Grant Thornton’s revenue for the fiscal year ended July 31, 2022 was $2.3 billion, up by nearly 17% compared to the year prior ($1.97 billion). 2022 was a spectacular year for them but, you know, things happen. Consulting is slowing down and the sky high attrition of last year and the year before has now cooled down, leaving firms across the board with more people than they expected to have. Accountant shortage where?
Revisiting what GT CEO Seth Siegel said when the 2022 revenue numbers came out in October: “Our FY 2022 revenues demonstrate how effectively we’re delivering against our firm’s purpose: to make business more personal and build trust into every result. Not only are we providing clients with high-quality solutions and a peerless experience across our audit, tax and advisory service lines, but we’re doing it by supporting and caring for our people—enabling record-setting business performance in the process.”
So yeah, anyway, LAYOFFS.
In Risk Advisory, leadership held a “survivors” call with remaining team members on Tuesday and mentioned that low attrition necessitated these cuts. Added a tipster:
They said it won’t affect bonuses and salary increases at year end discussions [in two weeks].
It seems for that team anyway the damage was spread around all levels with around three each of associate, senior associate, manager, and senior manager let go.
That’s what we heard on our end. Wall Street Journal has better little birds than we do and had this to say:
Grant Thornton is laying off about 300 U.S. employees, or roughly 3% of its workforce in the country, people familiar with the matter said, as the professional-services firm navigates declining demand for its advisory and tax services.
The Chicago-based firm will have laid off the workers, mostly in the advisory and tax divisions, by the end of Thursday, the people said. Grant Thornton employs about 9,000 people in the U.S. and more than 68,000 globally.
In the email that first went out informing employees layoffs were coming, all service line leaders were mentioned — Janet Malzone, Renato Zanichelli, and Wade Kruse — so it was assumed cuts would be somewhat evenly spread around, though we did expect Advisory to have a slightly bigger portion.
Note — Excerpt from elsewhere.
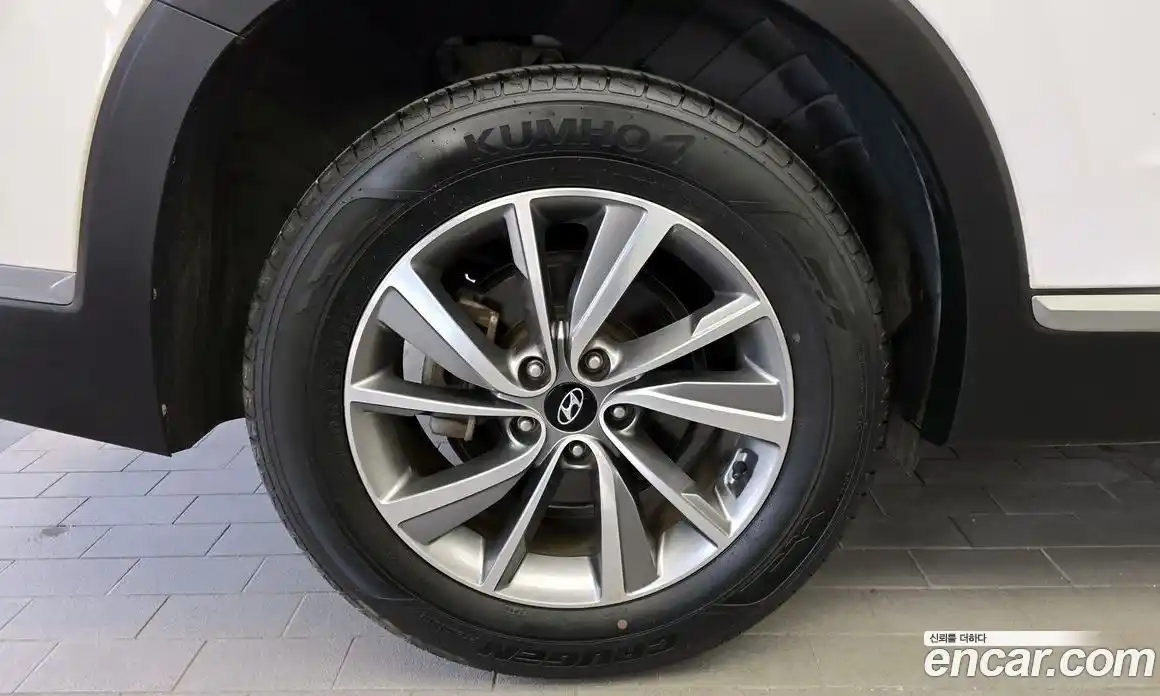 Hyundai Santa Fe 2019 2.0 гидро в Москве № 1610388, фото 5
The firm said “pockets of underutilization” drove many of the cuts.
If anyone has more numbers or just would like to vent, reach out.
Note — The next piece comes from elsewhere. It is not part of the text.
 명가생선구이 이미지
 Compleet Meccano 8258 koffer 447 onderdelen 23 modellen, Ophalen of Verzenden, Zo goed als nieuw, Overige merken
Update: A tipster tells us layoffs affected about 120 people in tax, mostly A1s but all levels had some losses. They add:
The worst part was that local partners had no input. All cuts were solely based on utilization and the assumption if you weren’t utilized enough you should be gone. Total ego move by upper management. People are way more upset than past layoffs because of how it was executed (solely based on number on a paper). Trust in all leadership is very low at all levels.